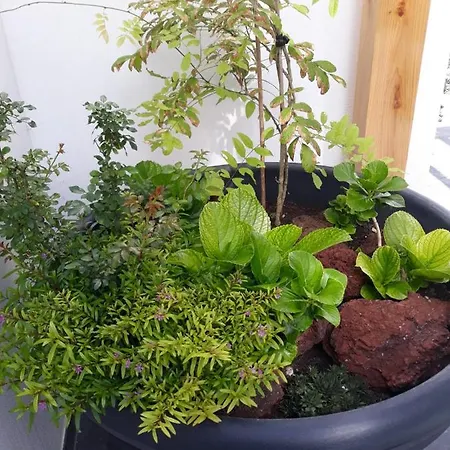 Sunrise - Casa Sao Joao - 4 Star Tourist アパート *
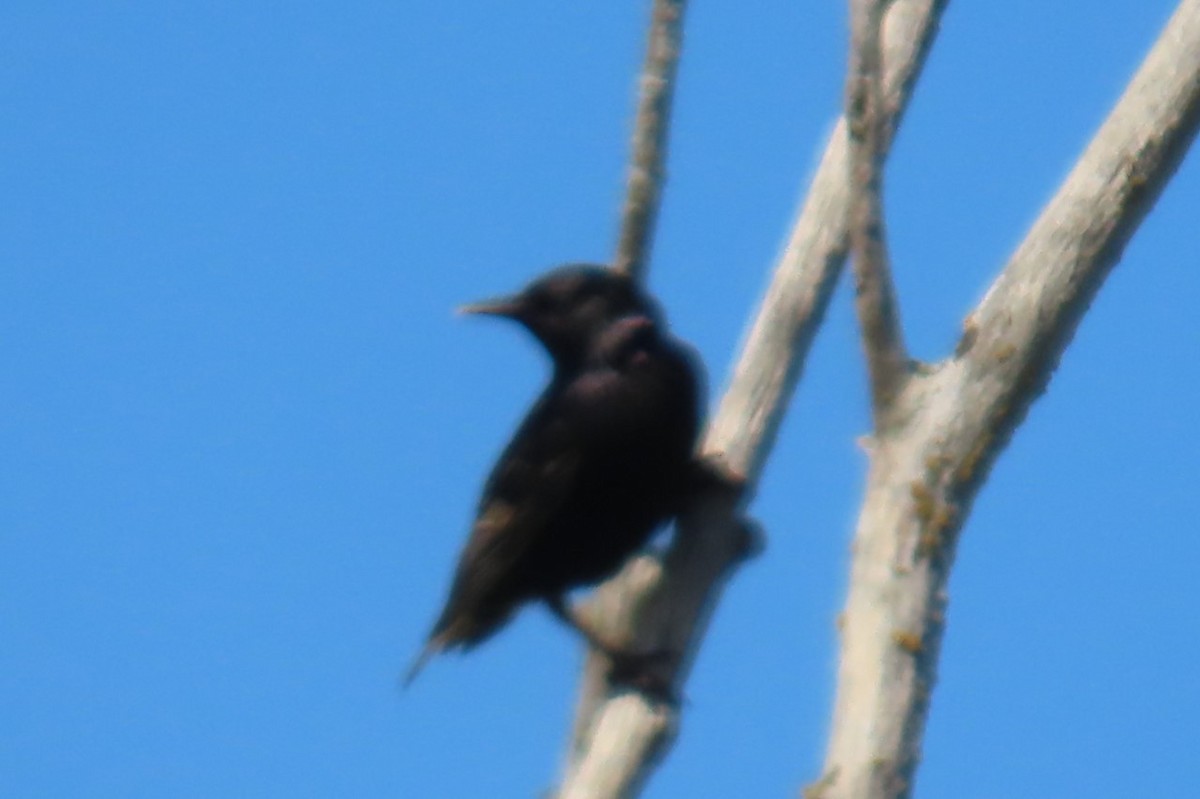 European Starling - ML639076684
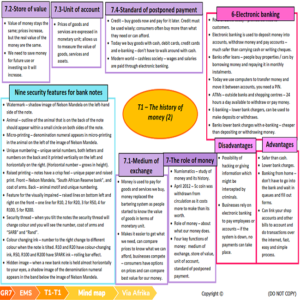 Grade 7 Economic and Management Sciences Term 1 (VIA Afrika) • Teacha!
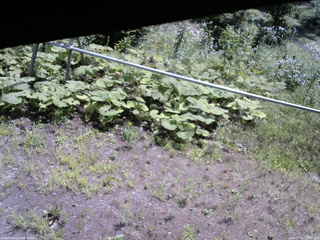 長野県菅平高原 ゆたか山荘 駐車場 2026/07/31 10:30
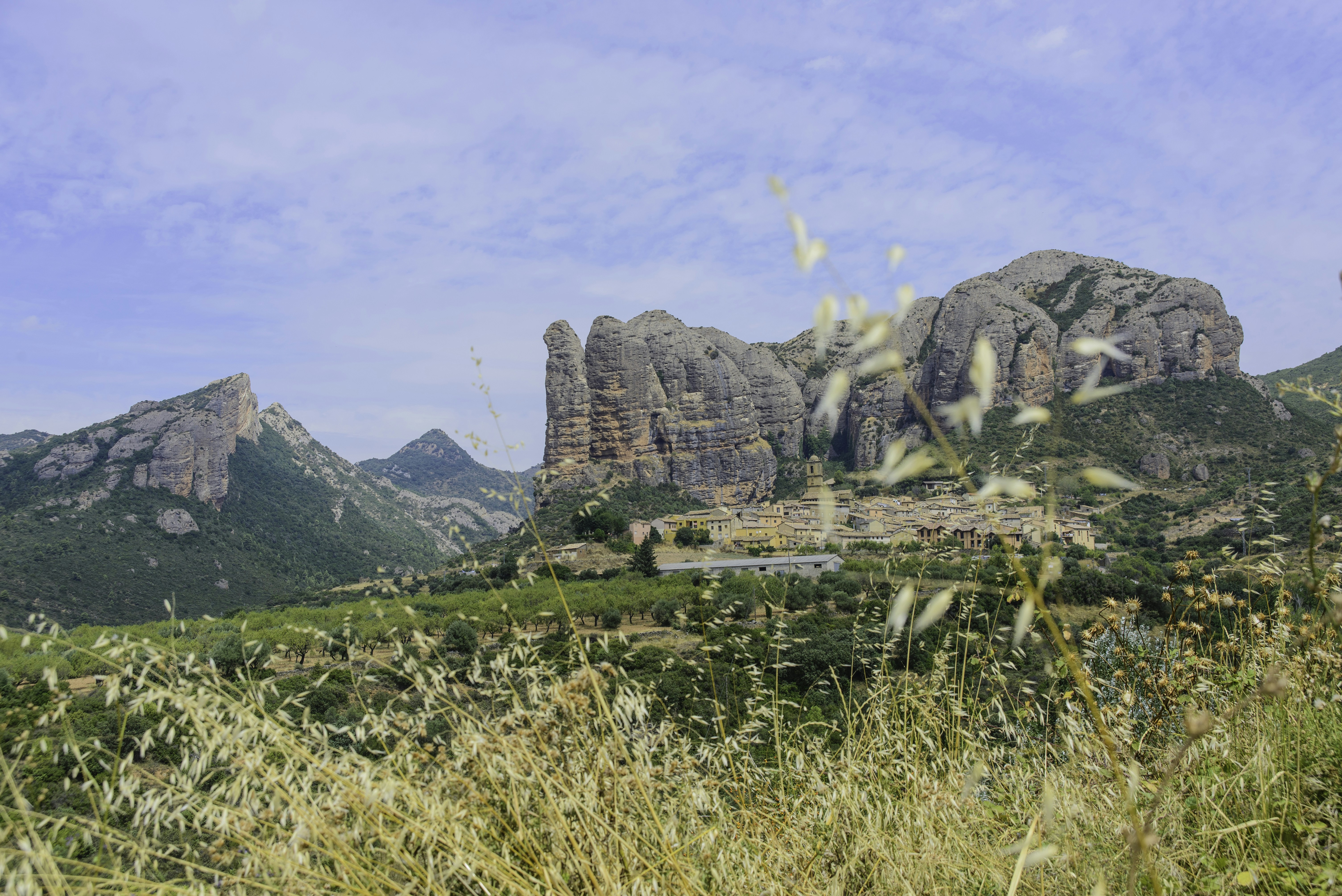 Mobile Diesel Generator Advantages and Disadvantages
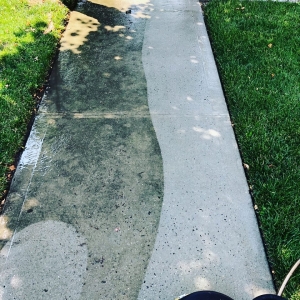 Photo of Aria Exterior Cleaning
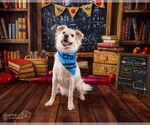 Small #6 Chihuahua-Chow Chow Mix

================================

Only the lines from the one containing "European Starling - ML639076684" through the last line of the entries above, both included, belong in the answer, written out exactly; pictures do not.

= Answer to the exercise =
 European Starling - ML639076684
 Grade 7 Economic and Management Sciences Term 1 (VIA Afrika) • Teacha!
 長野県菅平高原 ゆたか山荘 駐車場 2026/07/31 10:30
 Mobile Diesel Generator Advantages and Disadvantages
 Photo of Aria Exterior Cleaning
 Small #6 Chihuahua-Chow Chow Mix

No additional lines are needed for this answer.